B.     Rumusan Masalah
1.      Apakah teologi islam itu?
2.      Bagaimana teologi islam itu muncul?
3.      Apa saja aliran- aliran di dalamnya?
C.    Tujuan
1.      Mengetahui arti teologi
2.      Mengetahui proses munculnya teologi
3.      Mengetahui aliran- aliran di dalam teologi


BAB II
PEMBAHASAN
A.    Pengertian Teologi Islam
Secara etimologis istilah teologi bersal dari bahasa yunani, yaitu theologia. Yangberasal dari dua kata theoos yang Berarti tuhan.dan logos yang artinya ilmu. Sehingga arti Theologi islam adalah pengetahuan ketuhanan. Sedangkan pengertian theologi Islam menurut terminologi adalah  ilmu yang membahas tentang ketuhanan yang mencakup seluruh ketauhidan.[1]
Fergilius Ferm yaitu seorang ahli Ilmu agama mengatakan ”The wich concern god (or the Devintil Reality) and Gods relation to the word” (teologi ialah pemikiran sistematis yang berhubungan dengan alam semesta). Terdiri atas dua kata yaitu “Theos”, yang artinya tuhan dan “logos”, yang berarti Ilmu.[2]Jadi teologi bisa disebut juga dengan Ilmu Tuhan atau ilmu ketuhanan. Istilah teologi Islam telah lama dikenal oleh para penulis Barat, seperti Tritton dengan karyanya yang berjudul “Moslem Theology”.[3]
Teologi Islam merupakan istilah lain dari ilmu kalam, yang diambil dari bahasa inggris, Theology. Willuam L.Reeae mendefinisikannya dengan discourse or reason concerning god (discursus atau pemikiran tentang Tuhan). Dengan mengutip kata-kata William Ockham, Resse lebih jauh mengatakan “theology to be a discipline resting on revealed truth and independent of both philosophy and science.” (teologi merupakan disiplin ilmu yang berbicara tentang kebenaran wahyu serta indenpendensi filsafat dan ilmu pengetahuan). Sementara itu, Gove menyatakan bahwa teologi adalah penjelasan tentang keimanan, perbuatan, dan pengalaman agama secara rasional.[4]

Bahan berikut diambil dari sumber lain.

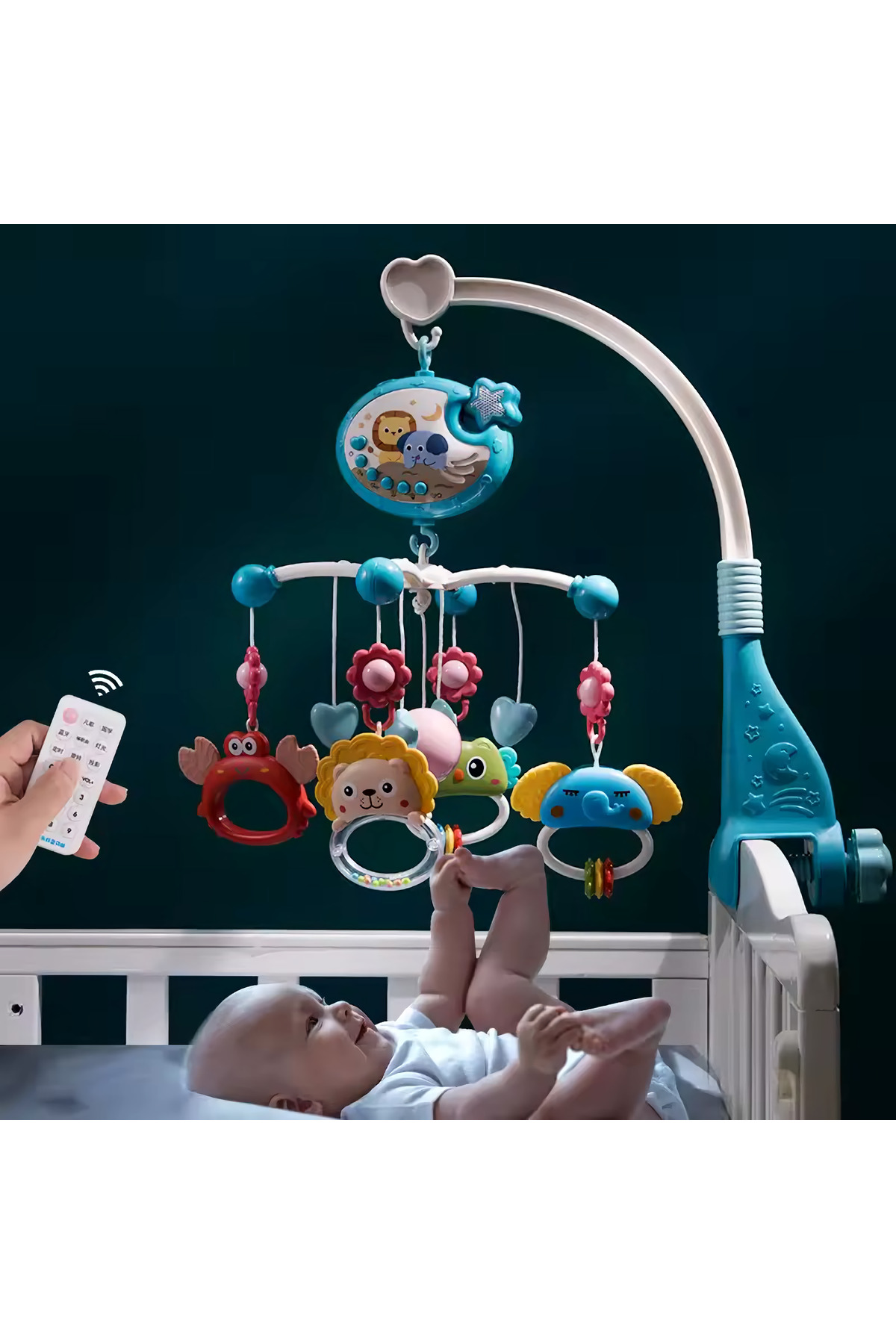 MJ TOYS Işıklı Müzikli Uzaktan Kumandalı Dönence Projektörlü Dönence Oyuncak Beşik Bebek 360° Dönebilir fotoğrafı 3 (önizleme)
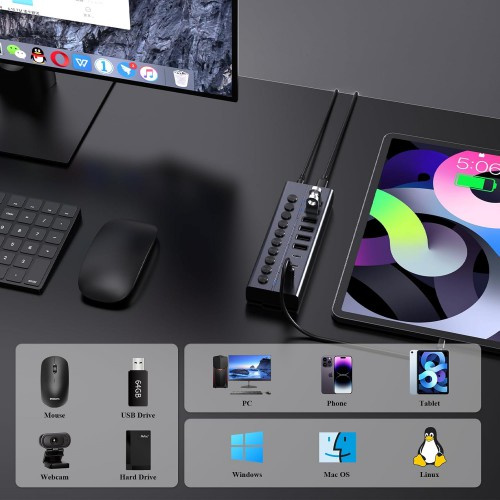 Fideco 10 Ports USB 3.2 10Gbps Type C Type A Hub with Individual On/Off Switches Splitter HCA64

Teologi dalam islam di sebut juga Ilmu Tauhid. Kata Tauhid mengandung arti satu atau esa, yang dalam pandangan islam sebagai agama yang monotoisme, merupakan sifat yang terpenting diantara sifat-sifat Tuhan. Ditinjau dari sudut bahasa (etimologi) kata tauhid adalah bentuk kata mashdar dari asal kata kerja lampau, yaitu wahhada, yuwahhidu, wahda yang memiliki arti mengesakan atau menunggalkan.Kemudian ditegaskan oleh Ibnu Khaldun dalam kitabnya muqaddimah bahwa kata tauhid mengandung makna keesaan Tuhan. Maka dari pengertian etimologi tersebut dapat di ketahui bahwa tauhid mengandung makna keyakinan atau mengi‟tiqadkan bahawa”Allah adalah satu”.[5]

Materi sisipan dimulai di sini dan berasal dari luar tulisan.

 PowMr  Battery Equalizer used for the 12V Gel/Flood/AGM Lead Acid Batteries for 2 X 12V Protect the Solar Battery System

B.     Sejarah Munculnya Teologi Dalam Islam
Dipertengahan ke dua dari abad ke enam Masehi, jalan dagang Timur – Barat berpindah dari Teluk Persia – Euphrat di Utara dan Laut Merah – Perlembahan Neil di Selatan, ke Yaman – Hijaz – syria. Peperangan yang senantiasa terjadi antara kerajaan Byzantin dan Persia membuat jalan Utara tidak selamat dan tidak menguntungkan bagi dagang. Mesir, mungkin juga sebagai akibat dari peperangan Byzantin dan Persia, berada dalam kekacauan yang mengkibatkan perjalanan dagang melalui Perlembahan Neil tidak menguntungkan pula. Makkah yang terletak di tengah- tengah garis perjalanan dagang itu, menjadi kota dagang. Para pedagang pergi ke Selatan membeli barang- barang yang datang dari Timur, kemudian mereka bawa ke Utara untuk di jual di Syria. Dari dagang transit ini Makkah menjadi kaya. Dagang di kota ini dipegang oleh Quraisy dan sebagai orang- orang yang berada dan berpengaruh dalam pemerintahan Makkah. Pemerintahan dijalankan melalui majlis suku- bangsa yang anggota- angotanya tersusun dari kepala- kepala suku yang dipilih menurut kekayaan dan pengaruh mereka dalam masyarakat.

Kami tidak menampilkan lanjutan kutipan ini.